A few months ago one of my colleague’s father-in-law passed away. This was not the first time a colleague had had a bereavement in the family. Usually an email was sent around asking that we “carry so-and-so in your prayers and thoughts as they grieve the loss of so-and-so in their family”. Perhaps colleagues who were better acquainted with the bereaved would send flowers and cards. However, when one of the seSotho teacher’s father-in-law passed away the perfunctory email was followed by an email from Ma'Dlamini* (the isiZulu teacher) suggesting that we visit sis’Vuyi’s* family on Thursday afternoon. The email was addressed to all the black teachers in the school. No-one asked why we were going. There was an understanding silence amongst us that we were going to umthandazo.
On the day of umthandazo I questioned my dress code more than usual: should I wear a skirt? Should I hear a doek? What would be expected of me at sis’Vuyi’s house? Upon arrival at sis’Vuyi’s house, my fears of being inappropriately dressed were allayed when sis'Vuyi appeared in a knee-length (meaning short) shweshwe dress; sans doek. As the makoti of the home this is a surprise given the rules that govern makotis and what they wear. We were ushered into the home and greeted by the family. Before long Ma’Dlamini belted out a familiar verse from a seSotho hymn. Everyone joined in. This was followed by a prayer and only after the prayer did we explain the obvious. The family nodded knowingly throughout the explanation which went something like: we are Vuyi’s colleagues and we felt it was important to visit the family and show that we are in solidarity with her as the family prepares for the funeral. Ma’Dlamini went on to introduce each of us and explain that even though we worked among white people in a white world “Ubuntu bethu” determined that we maintain the culture of ukukhunga: visit and pray with a family during their loss. We performed a ritual that was familiar and valued by everyone in the room.
Since the ritual in sis'Vuyi’s home I’ve been thinking about the rituals I participate in while living in Johannesburg. Visiting sis’Vuyi’s home was the first time since I left home in 2006 that I had been to umthandazo. I was reminded of the multiple codes I have access to, many of which have very little resemblance with the code I used growing up. It led me to consider: if my mother had passed away what code would my sister's and I use to make meaning of the rituals assumed to be part of a funeral? Would my colleagues hold umthandazo? Would we have a Thursday prayer meeting and display her manyano uniform as she has always insisted my sisters and I should do? Would we bury my mother here in Johannesburg or back in the Eastern Cape where she spent most of her life?
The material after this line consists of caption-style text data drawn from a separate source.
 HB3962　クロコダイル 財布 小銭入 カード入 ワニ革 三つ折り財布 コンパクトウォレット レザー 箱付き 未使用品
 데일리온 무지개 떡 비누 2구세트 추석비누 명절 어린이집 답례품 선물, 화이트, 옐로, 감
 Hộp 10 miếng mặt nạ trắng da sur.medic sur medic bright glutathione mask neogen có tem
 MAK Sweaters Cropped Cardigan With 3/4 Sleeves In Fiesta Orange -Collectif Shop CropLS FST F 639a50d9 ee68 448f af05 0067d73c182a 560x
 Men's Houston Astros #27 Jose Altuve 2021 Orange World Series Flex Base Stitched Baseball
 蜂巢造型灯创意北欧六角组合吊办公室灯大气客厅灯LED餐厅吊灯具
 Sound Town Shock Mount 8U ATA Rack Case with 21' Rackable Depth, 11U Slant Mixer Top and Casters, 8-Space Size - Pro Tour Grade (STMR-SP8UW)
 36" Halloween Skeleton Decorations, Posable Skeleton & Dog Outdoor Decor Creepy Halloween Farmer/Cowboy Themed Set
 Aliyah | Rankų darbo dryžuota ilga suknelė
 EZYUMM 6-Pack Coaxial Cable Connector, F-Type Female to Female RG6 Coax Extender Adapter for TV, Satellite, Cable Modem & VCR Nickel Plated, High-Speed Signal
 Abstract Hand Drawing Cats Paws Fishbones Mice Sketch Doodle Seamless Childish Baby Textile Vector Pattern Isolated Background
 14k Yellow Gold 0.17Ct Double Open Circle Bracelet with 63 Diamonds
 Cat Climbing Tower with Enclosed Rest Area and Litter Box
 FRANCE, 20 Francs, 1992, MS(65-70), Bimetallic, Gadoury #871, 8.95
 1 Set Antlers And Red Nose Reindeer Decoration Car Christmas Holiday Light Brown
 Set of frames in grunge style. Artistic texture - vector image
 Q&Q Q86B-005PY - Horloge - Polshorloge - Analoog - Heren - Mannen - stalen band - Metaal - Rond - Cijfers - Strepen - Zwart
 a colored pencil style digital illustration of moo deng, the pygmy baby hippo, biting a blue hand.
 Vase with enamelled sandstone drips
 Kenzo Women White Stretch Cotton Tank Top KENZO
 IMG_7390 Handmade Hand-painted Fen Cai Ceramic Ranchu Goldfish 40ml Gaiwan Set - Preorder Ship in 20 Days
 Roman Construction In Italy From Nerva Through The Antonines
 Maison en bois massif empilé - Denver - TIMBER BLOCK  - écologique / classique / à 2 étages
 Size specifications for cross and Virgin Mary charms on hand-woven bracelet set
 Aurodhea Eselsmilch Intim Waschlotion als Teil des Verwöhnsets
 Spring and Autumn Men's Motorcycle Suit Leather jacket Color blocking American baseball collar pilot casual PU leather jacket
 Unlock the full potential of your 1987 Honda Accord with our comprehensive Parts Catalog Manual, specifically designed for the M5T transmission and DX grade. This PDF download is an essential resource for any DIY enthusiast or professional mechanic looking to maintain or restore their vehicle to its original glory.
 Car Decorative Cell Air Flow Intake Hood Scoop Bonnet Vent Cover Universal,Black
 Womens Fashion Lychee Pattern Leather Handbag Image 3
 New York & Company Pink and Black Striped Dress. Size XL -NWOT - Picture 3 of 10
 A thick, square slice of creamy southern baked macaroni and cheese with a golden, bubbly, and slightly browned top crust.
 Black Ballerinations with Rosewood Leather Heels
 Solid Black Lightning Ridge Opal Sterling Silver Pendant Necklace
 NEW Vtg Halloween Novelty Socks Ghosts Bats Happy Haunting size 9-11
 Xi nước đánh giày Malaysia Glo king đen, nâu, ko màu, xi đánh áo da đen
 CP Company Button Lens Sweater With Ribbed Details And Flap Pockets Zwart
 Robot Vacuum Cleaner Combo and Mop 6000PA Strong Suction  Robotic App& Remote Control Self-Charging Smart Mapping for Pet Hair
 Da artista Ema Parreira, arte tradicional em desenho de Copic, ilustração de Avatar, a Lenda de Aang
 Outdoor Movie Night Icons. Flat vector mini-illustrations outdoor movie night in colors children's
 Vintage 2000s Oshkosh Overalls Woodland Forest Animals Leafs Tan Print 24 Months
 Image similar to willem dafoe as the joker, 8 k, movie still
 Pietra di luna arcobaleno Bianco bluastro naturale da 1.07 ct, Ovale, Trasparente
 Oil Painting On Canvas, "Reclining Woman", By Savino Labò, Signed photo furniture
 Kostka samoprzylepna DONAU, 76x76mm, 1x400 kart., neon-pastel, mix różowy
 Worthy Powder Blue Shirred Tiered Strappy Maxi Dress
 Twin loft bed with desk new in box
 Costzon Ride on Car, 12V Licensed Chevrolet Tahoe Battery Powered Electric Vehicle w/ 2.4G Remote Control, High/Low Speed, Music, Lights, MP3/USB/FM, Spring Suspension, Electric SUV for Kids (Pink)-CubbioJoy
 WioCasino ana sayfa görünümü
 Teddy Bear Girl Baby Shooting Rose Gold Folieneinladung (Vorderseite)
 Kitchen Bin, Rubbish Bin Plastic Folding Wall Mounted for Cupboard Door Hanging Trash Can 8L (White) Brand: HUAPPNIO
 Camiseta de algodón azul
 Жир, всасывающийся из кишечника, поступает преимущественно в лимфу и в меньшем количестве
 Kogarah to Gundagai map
I find more and more I’ve been thinking about the shift in how I understand the world since I left home. This is probably just a case of nostalgia. There’s been an obvious change in how my shift into a more middle-class lifestyle has meant different ways of being. Even when I have been in black communities I’ve been excused from certain ways of being because people know I am educated, I live in Johannesburg which means I am exempt from certain expectations. The rules are more relaxed for me and those like me. Perhaps the relaxed rules also have something to do with being geographically removed from the community I was part of as a child. I watch with envy how some friends seem to have maintained the seamless relationship with where they grew up. But I also have a community of young, black professionals who deal with the schism in values when one goes home because they are the first graduate in the family or the one who had a better education than the poorer cousins who remain poor in the township.
This is nothing new: it sounds like another case of double consciousness where identity is contested because that's the nature of growing black in a white supremacist world. But is this the way it ought to be? If I were in another country I would expect all these emotions. But I am in Africa but I question my identity as though I were in another country that makes my difference obvious. Perhaps my nostalgia is irrelevant because identity is supposed to be complex and questioned.